Il nous faut nous réintéresser à ce type de vieux circuit électronique pour calculer ce qui va bien. Une vidéo YouTube nous explique le schéma même si elle manque volontiers de synthèse.

Le principe général est connu : un bobinage va isoler et abaisser une tension alternative de 220 V vers une tension plus basse fixe (Veff) qui est fonction du nombre de tours de fils, un pont de 4 diodes 1N5401 va redresser le signal pour qu'il n'oscille qu'en positif et un condensateur va lisser les oscillations pour que la tension résultante soit à peu près constante.

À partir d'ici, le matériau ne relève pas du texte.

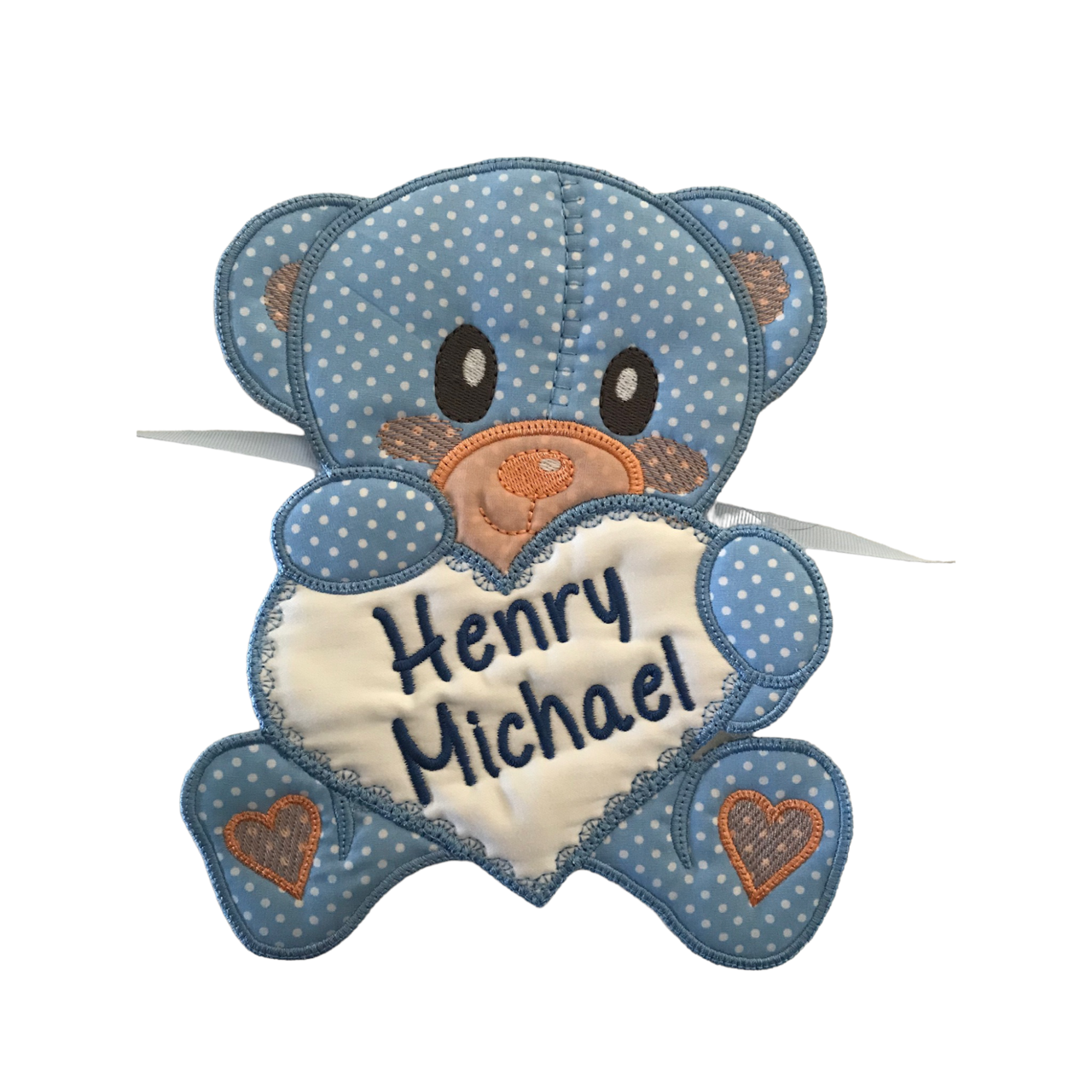 Embroidered Name Plaques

Simulation d'un pont redresseur

Le transformateur AC-AC fonctionne nécessairement de manière constante, car c'est la physique de l'électro-magnétisme. Il me génère du 13.2 Veff selon le multimètre. La tension de crête s'obtient en multipliant cette valeur par racine de 2, soit 18.7 V. En raison de la loi de composition des tensions en série, il faut soustraire 2 fois la tension apparente d'activation des diodes (le datasheet donne ~0,75 V pour 0,5 A) à la tension efficace du transformateur, puis multiplier par racine de 2 pour obtenir la tension continue aux bornes du condensateur qui fonctionne en tension crète. La tension théorique est de : (13,2 - 2 * 0,75) * racine(2) = 16,6 V.

La capacité du condensateur se calcule (rubrique Condensateur de filtrage) avec C = I / (ΔU * f). On définit I sur 0.5 A, car c'est l'intensité maximale observée quand les basses sont mises à fond. f vaut 50 Hz, car on est en France. Pour la variation de tension, le constructeur a considéré 3 V de flexibilité en choisissant 3300 µF, mais en ajoutant un autre condensateur de 4700 μF dans la carte électronique, il n'y aura in fine que 1,25 V de variation à puissance maximale.

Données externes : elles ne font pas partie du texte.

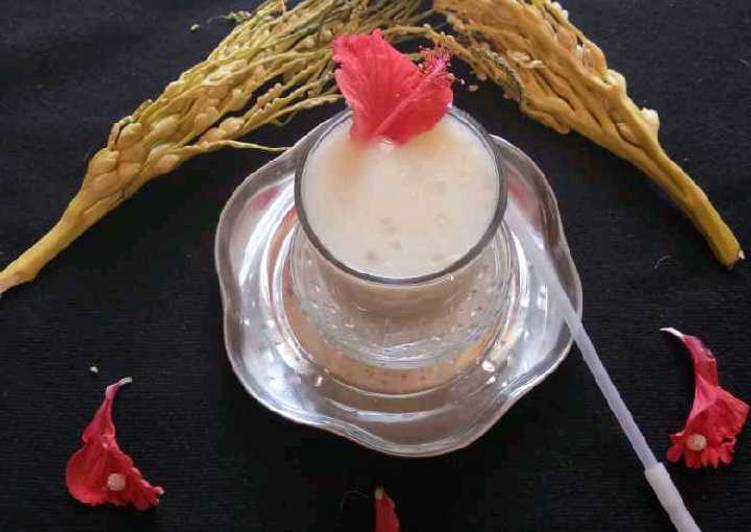 Recipe of Ultimate Ararot Thandai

Le problème est que je mesure 17.7 V en sortie de l'alimentation avec un premier appareil, 17.4 V avec un autre et 15.7 V avec un autre encore. Ce dernier m'affichait même près de 17 V avant le changement du condensateur de filtrage. Ça me rend fou...

Tension

Tension

Le convertisseur de tension AC-DC fonctionne avec un courant de charge. J'ai noté que celui-ci est constant grâce à un petit montage en série avec des dominos :

  • 0,24 A à vide
  • 0,31 A en fonctionnement sans basse
  • 0,53 A avec les basses à fond

Multimètre en mode ampèremètre

Maintenant que nous avons tous les paramètres, il est possible de faire une simulation informatique avec le courant maximal.

Simulation Tension/Courant d'un pont redresseur

Avec une charge de 0.31 A, la tension oscille théoriquement entre 16.3 V et 17.1 V. On a voulu voir à l'oscilloscope la forme du signal mais il n'a malheureusement pas fonctionné correctement.

Bref, ça m'a saoulé : j'ai changé le condensateur de filtrage par un autre de 25 V à 3300 μF, même si a vu plus haut que l'utilisation d'un stabilisateur de tension n'avait rien changé au problème. Mon multimètre a immédiatement témoigné d'une baisse de tension significative, ce qui veut dire que le condensateur était bien à l'origine de la variation de la tension affichée. Mais on peut se questionner sur la fiabilité de mon multimètre, il commence à dater.

  • Avant :

Condensateur de filtrage dans une alimentation (avant)

  • Après :

Condensateur de filtrage dans une alimentation (après)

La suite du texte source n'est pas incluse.